The remote system went live at St. John’s Regional in April and is also planned for St. John’s Hospital Camarillo. Monitoring is conducted at a centralized site in Phoenix manned by technicians and nurses who supervise them. Bedside nurses are notified of any potential issue like code blues that show the heart has stopped.
When the system first started, about 20 onsite heart monitor techs worked at St. John’s in Oxnard. At first, they continued their duties, tracking patients and backing up the remote efforts.
But now nearly all of them have been reassigned, some to lower-paying positions, Velasco said. At least one worker retired. A handful of the employees continue to work as heart monitor techs and have been assigned to the hospital’s direct observation unit.
In May, monitor techs and other union members spoke to the City Council, asserting the remote system had already brought instances where heart issues haven’t been immediately detected, triggering potentially fatal delays in care.

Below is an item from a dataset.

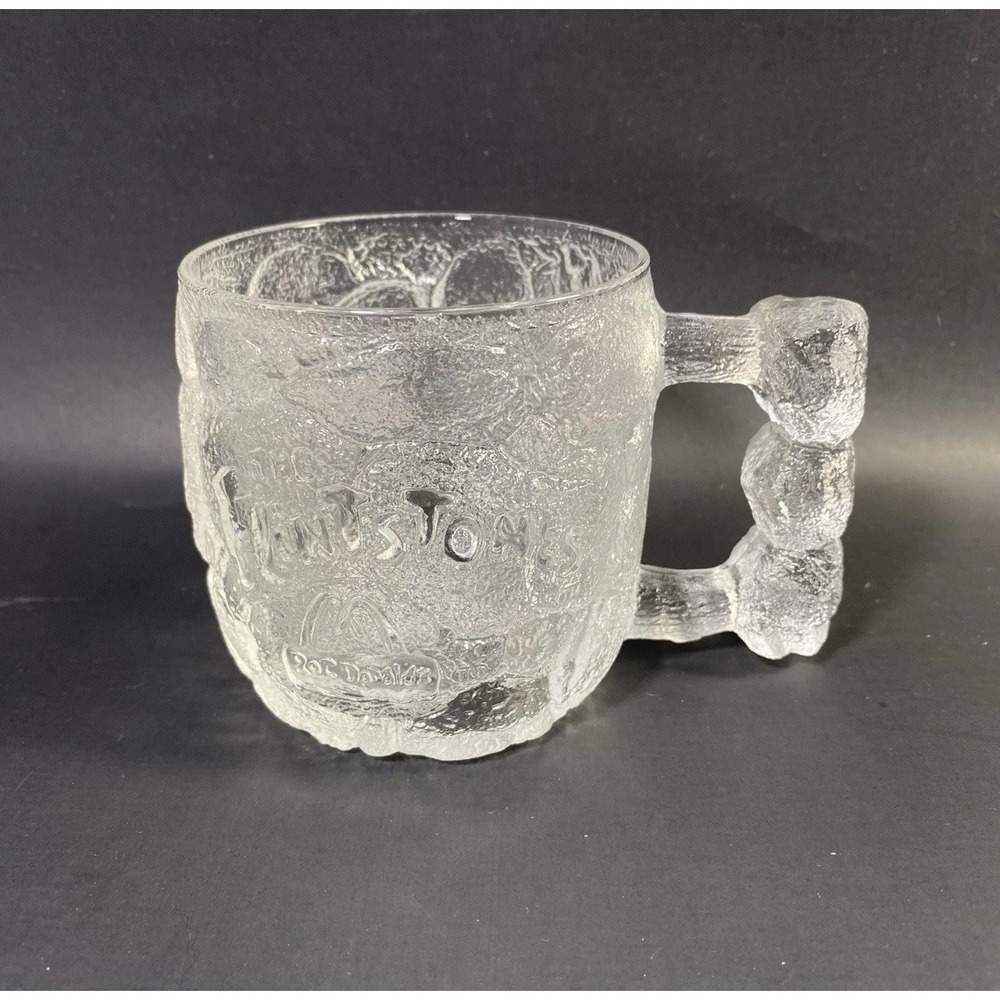 1993 McDonald's Flintstones Frosted Glass Mugs Set of 2 – Fred & Barney – VGC - Picture 10 of 12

Robin Sanders, one of the former heart monitor techs, said at a City Council committee meeting in September she realized and reported a patient’s heart rate had stopped several minutes before it was revealed by the remote system. The quick response gave nurses a chance to perform CPR immediately though the patient ultimately died.
“What if that was you on the floor? What if that was your heart that stopped? Would you want to wait the three minutes to get the help you need or do you want someone who is able to call a code and get you that help in seconds?” she asked.

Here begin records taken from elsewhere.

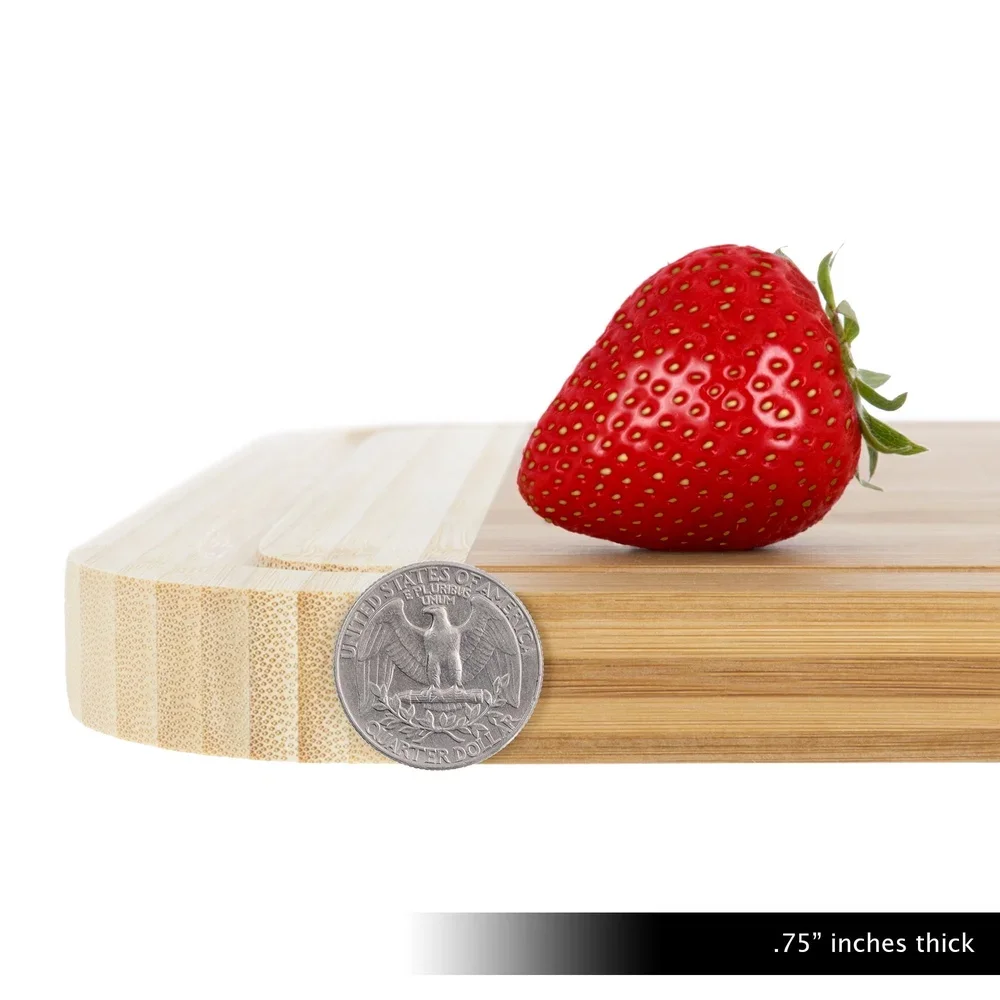 Planche à découper en bambou écologique avec rainures de jus, planche de préparation de cuisine antimicrobienne et antibactérienne, pour trancher et servir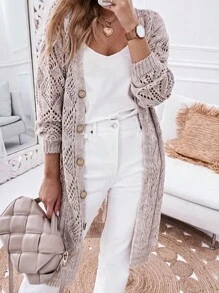 Boho Retro Cotton Mix Crochet Knit Hollow Light Weight Button Front Side Slit Long Cardigan - Khaki - View 1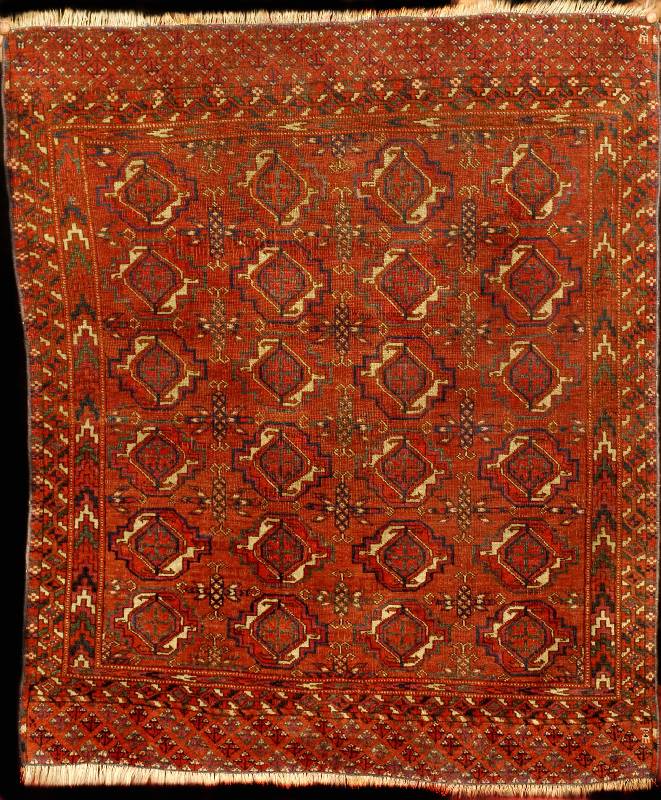 Kleiner Herdteppich Antik, Südrussland Turkm enistan, Naturfarben, 19.Jahrhundert (um 1890) , Wolle auf Wolle, ca. 118 x 100 cm, feine Kn? pfung, ...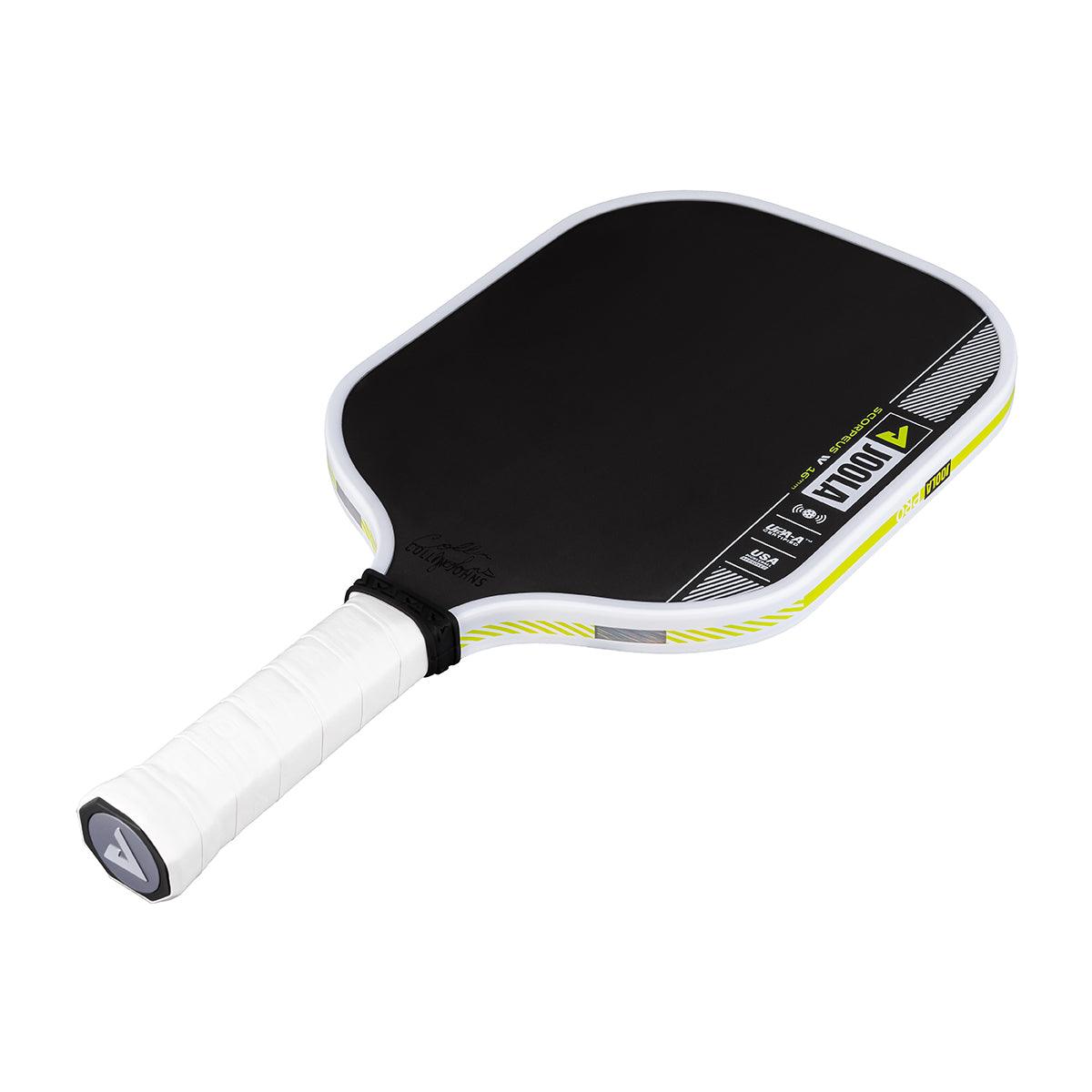 Pickleball-Schläger mit schwarzer Schlagfläche und weißem Griff.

St. John’s officials have said the remote system is the wave of the future. Barry Wolfman, then CEO of St. John’s, said in an email to hospital employees in May that the system detects changes in a patient’s status and provides critical information to doctors.
“By leveraging this new technology, our community now has access to the most advanced and safest cardiac monitoring system available,” he said.
Oxnard Mayor John Zaragoza worries about potentially fatal care delays. He said on Thursday he plans to vote in favor of the resolution.
“To me, it’s more of a lifeline item, a patient safety issue,” he said. “We have to take care of our people here.”
In the September committee meeting, Zaragoza and Councilmember Oscar Madrigal voted to send the resolution to the full council for a vote. Councilmember Bryan MacDonald voted in opposition.
“I don’t know that the city of Oxnard should really be telling a medical facility how to run a facility,” MacDonald said Friday, declining to reveal how he’ll vote on Tuesday. “I don’t think the city has any expertise in running a (medical) facility.”
The proposed resolution also calls for CommonSpirit to involve nurses and other frontline health workers in decisions that directly impact patient care.